The Fragile Generation - Stronico
http://reason.com/archives/2017/10/26/the-fragile-generation
======
ineedasername
I saw this a few days ago and thought: Okay somewhat "yes" to the sentiments
expressed about over protectiveness. But-- and this is a very, very big "but":

This article completely ignored the big-picture question "are kids actually
safer?" if favor of anecdotal examples and feelings.

And there can be a whole bunch of reasons for why the answer is "um, yeah.
like, really a big 'ol YES". Cause & effect can be debated, but _they are_.

How do I know? I went to the data. CDC Wonder data, specifically filtered for
incidence rate of accidental death from 1999 to 2015 for 3-year olds to
17-year older.

Results? Gradually, year by year and across all age groups, the number of
deaths per 100k people dropped to from its 1999 rate to less than half that in
2015. IIRC, it amounted to more than 4000 fewer dead kids.

Keep in mind, this was only the really bad things, the accidental _deaths_.
Not injuries, trips to Emergency rooms, maimings, etc.

Oh, those other things decreased too (Thanks you CDC WISQARS dataset!) by
roughly 23%, which amounted to over 1,000,000 fewer non-fatal (but serious
enough for CDC reporting) accidental injuries.

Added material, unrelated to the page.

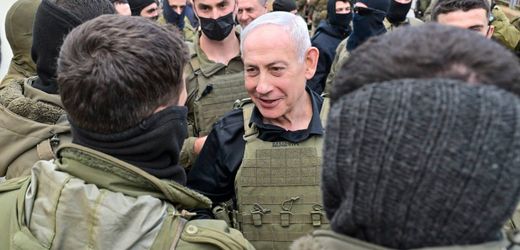 Israel: Benjamin Netanyahu besucht Truppen im Libanon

So, have we lost a bit of that ineffable, wild-roaming childhood freedom as a
society? Yeah, I guess we have in some ways. Of course that same free-roaming
exploration and curiosity is also now funneled to other things instead, like
the ease of plunking down $50 for a kid-friendly robotics programming kit that
I can sit my 8-year-old in front of and say "Have at it!".

I think the trade off for 4,000 fewer dead kids each year, and 1,000,000 fewer
seriously injured, is well worth it.